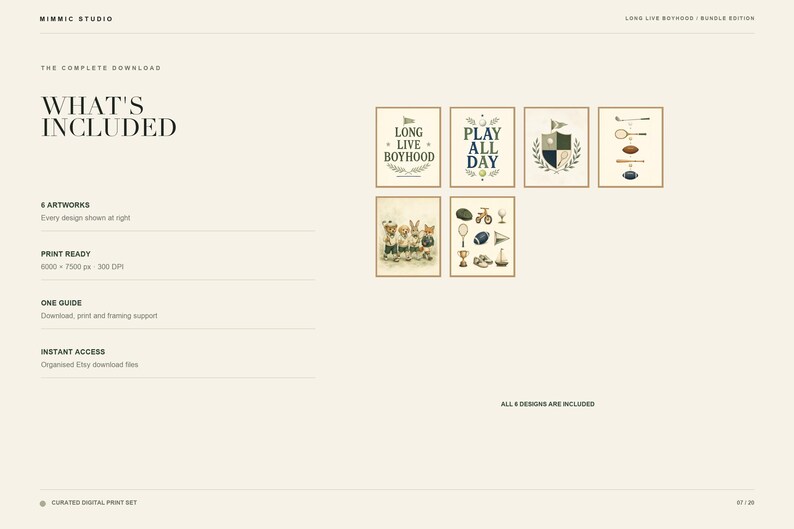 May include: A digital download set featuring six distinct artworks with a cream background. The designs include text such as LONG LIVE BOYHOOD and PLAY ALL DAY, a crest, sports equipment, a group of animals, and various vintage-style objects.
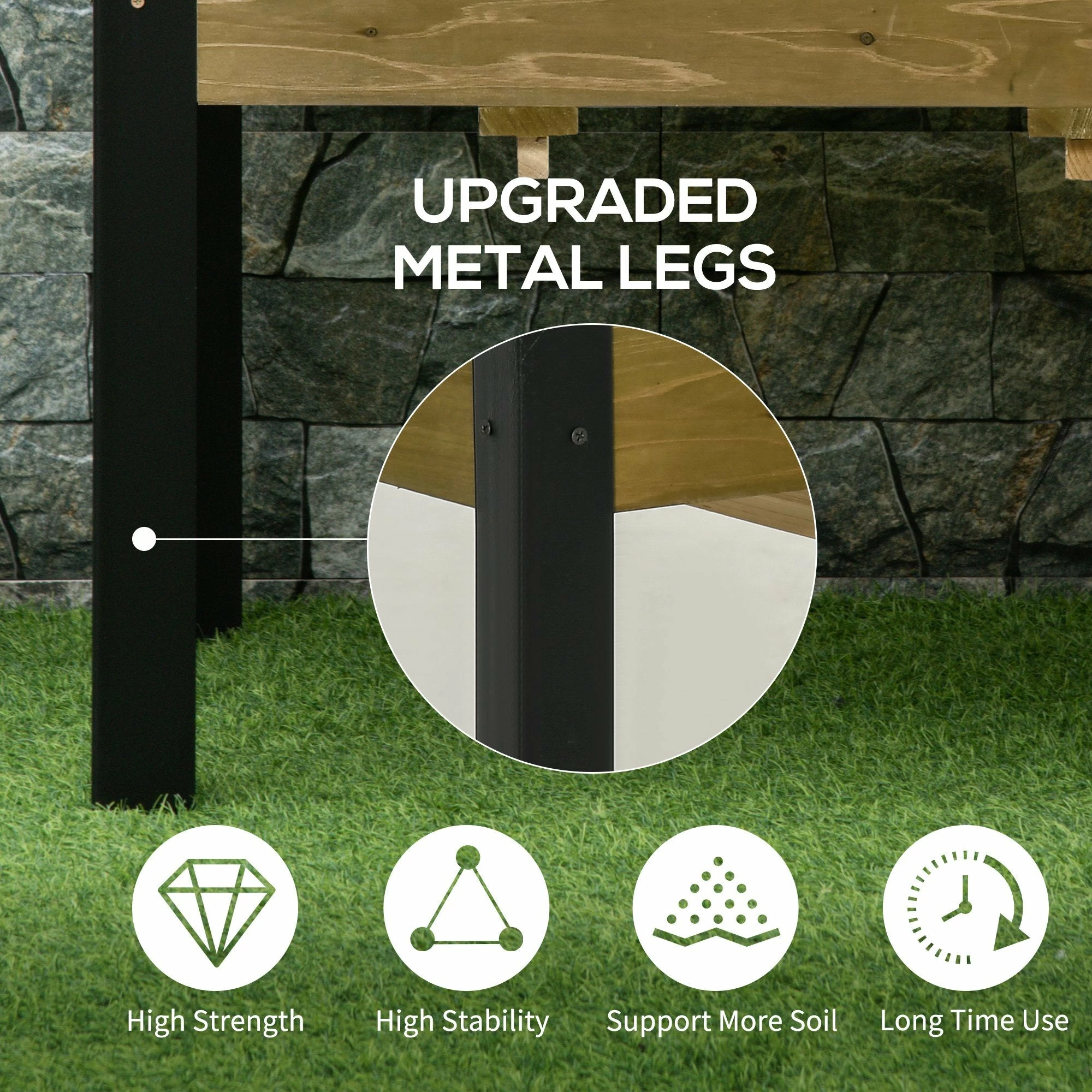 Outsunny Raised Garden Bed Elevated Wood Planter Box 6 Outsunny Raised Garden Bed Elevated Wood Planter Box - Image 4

...

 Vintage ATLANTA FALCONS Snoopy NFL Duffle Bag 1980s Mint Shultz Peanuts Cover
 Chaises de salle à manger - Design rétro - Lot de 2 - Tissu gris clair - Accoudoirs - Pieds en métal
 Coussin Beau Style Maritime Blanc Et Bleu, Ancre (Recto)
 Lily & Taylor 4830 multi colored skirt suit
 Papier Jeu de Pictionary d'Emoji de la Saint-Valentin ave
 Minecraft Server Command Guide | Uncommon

---

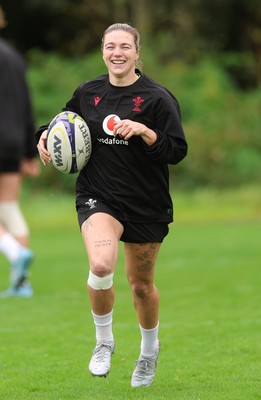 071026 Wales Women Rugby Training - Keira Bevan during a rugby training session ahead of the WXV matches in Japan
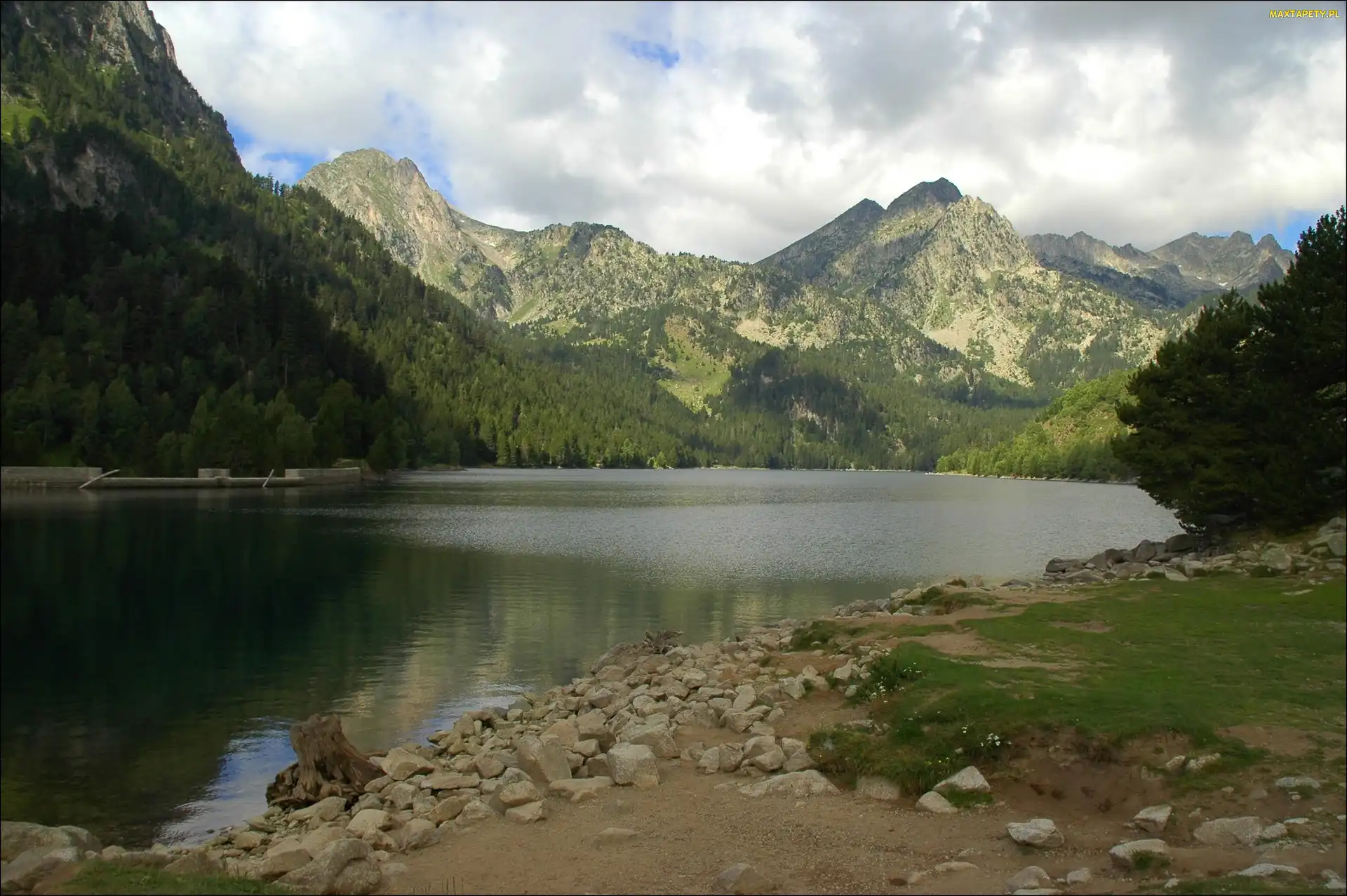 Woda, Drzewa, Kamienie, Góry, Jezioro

§ EXERCISE GOAL
Could you return exactly the stretch of the data above that starts at the line with "Chaises de salle" and ends at the line with "Minecraft Server Command Guide | Uncommon", both lines included?

§ RESPONSE TO THE TASK
 Chaises de salle à manger - Design rétro - Lot de 2 - Tissu gris clair - Accoudoirs - Pieds en métal
 Coussin Beau Style Maritime Blanc Et Bleu, Ancre (Recto)
 Lily & Taylor 4830 multi colored skirt suit
 Papier Jeu de Pictionary d'Emoji de la Saint-Valentin ave
 Minecraft Server Command Guide | Uncommon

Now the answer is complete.